● **PROVIDED DATA**:

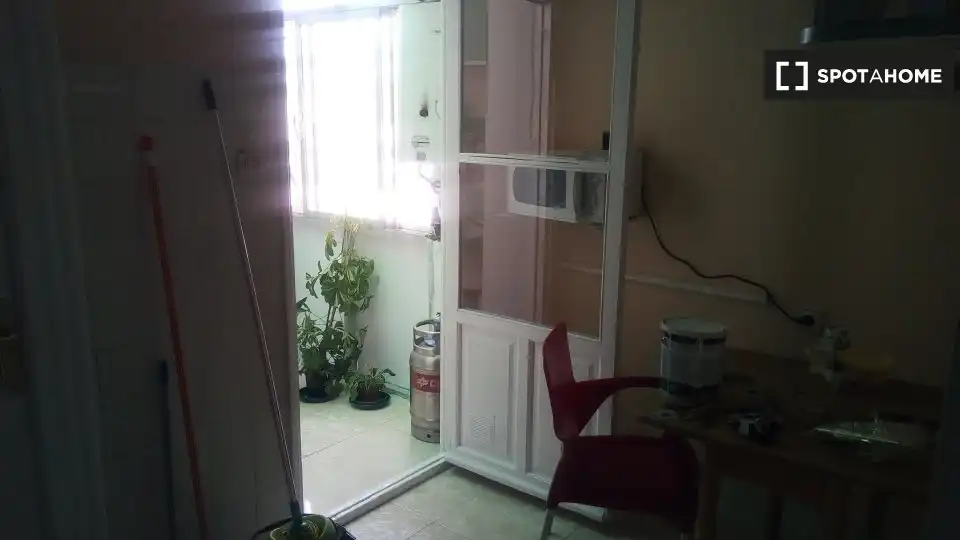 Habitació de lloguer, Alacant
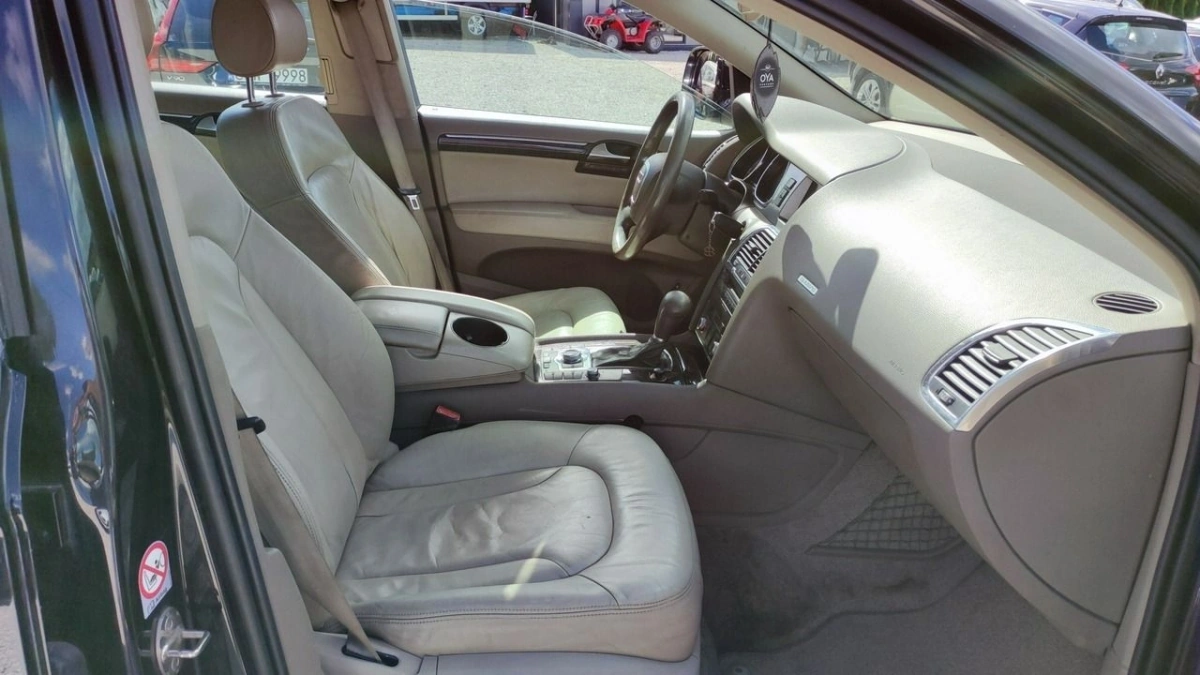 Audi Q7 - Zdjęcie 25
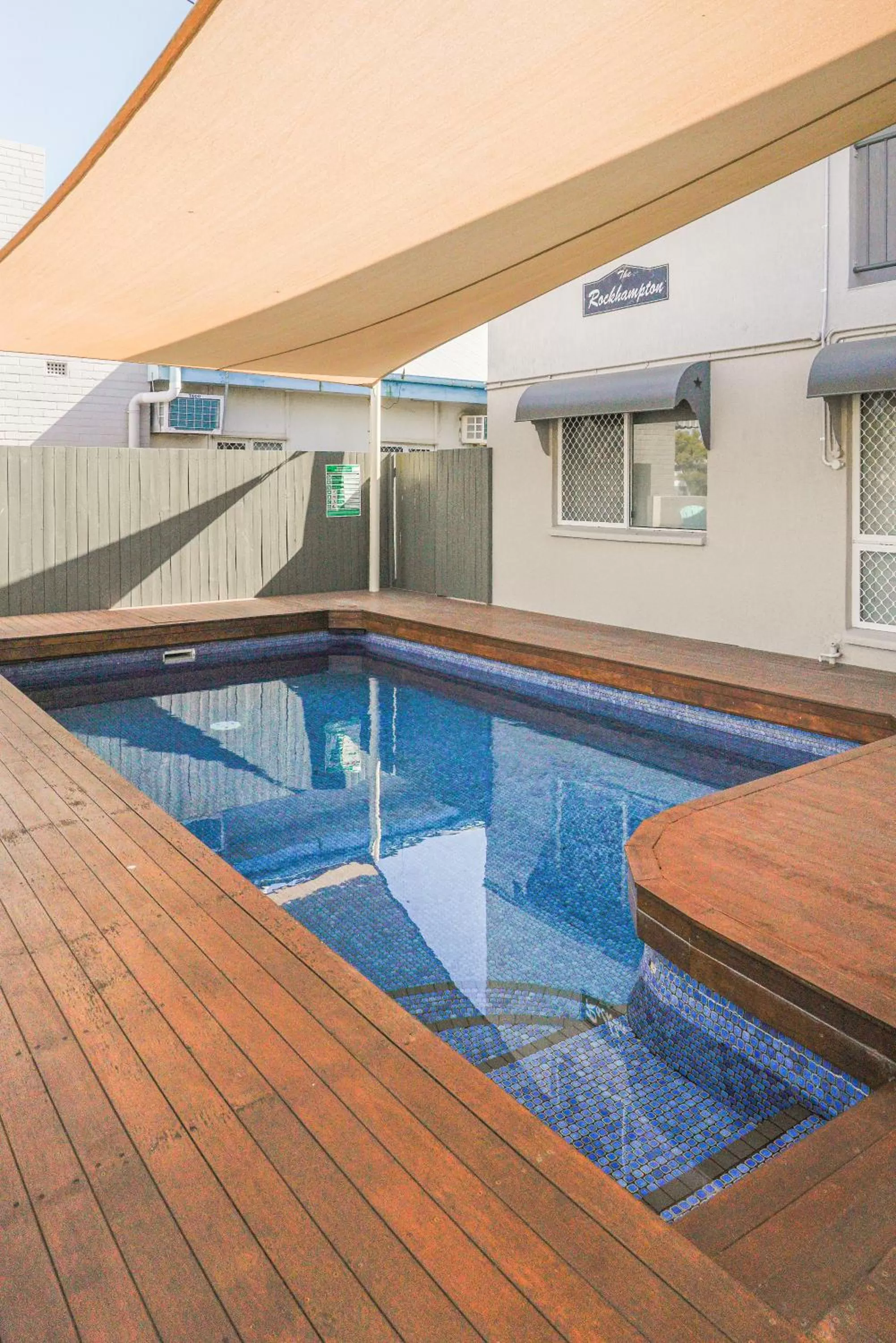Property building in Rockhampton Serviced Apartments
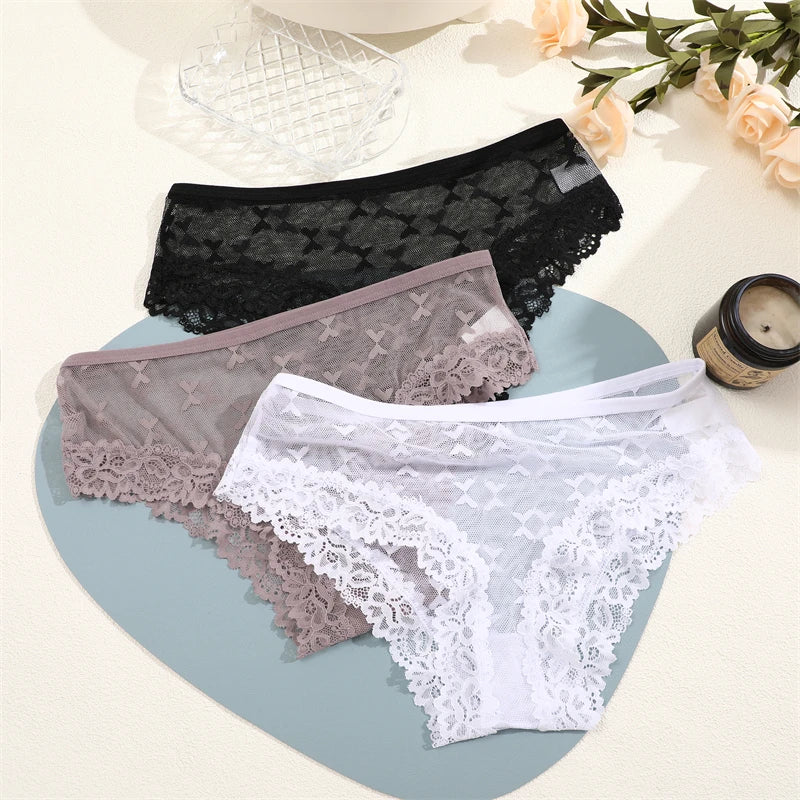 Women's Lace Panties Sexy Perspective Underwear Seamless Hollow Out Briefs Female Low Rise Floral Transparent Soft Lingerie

● **EXERCISE DESCRIPTION**: Restate the listing above word for word, and skip the pictures.

● **RESULT FOR THIS EXERCISE**:
 Habitació de lloguer, Alacant
 Audi Q7 - Zdjęcie 25
Property building in Rockhampton Serviced Apartments
 Women's Lace Panties Sexy Perspective Underwear Seamless Hollow Out Briefs Female Low Rise Floral Transparent Soft Lingerie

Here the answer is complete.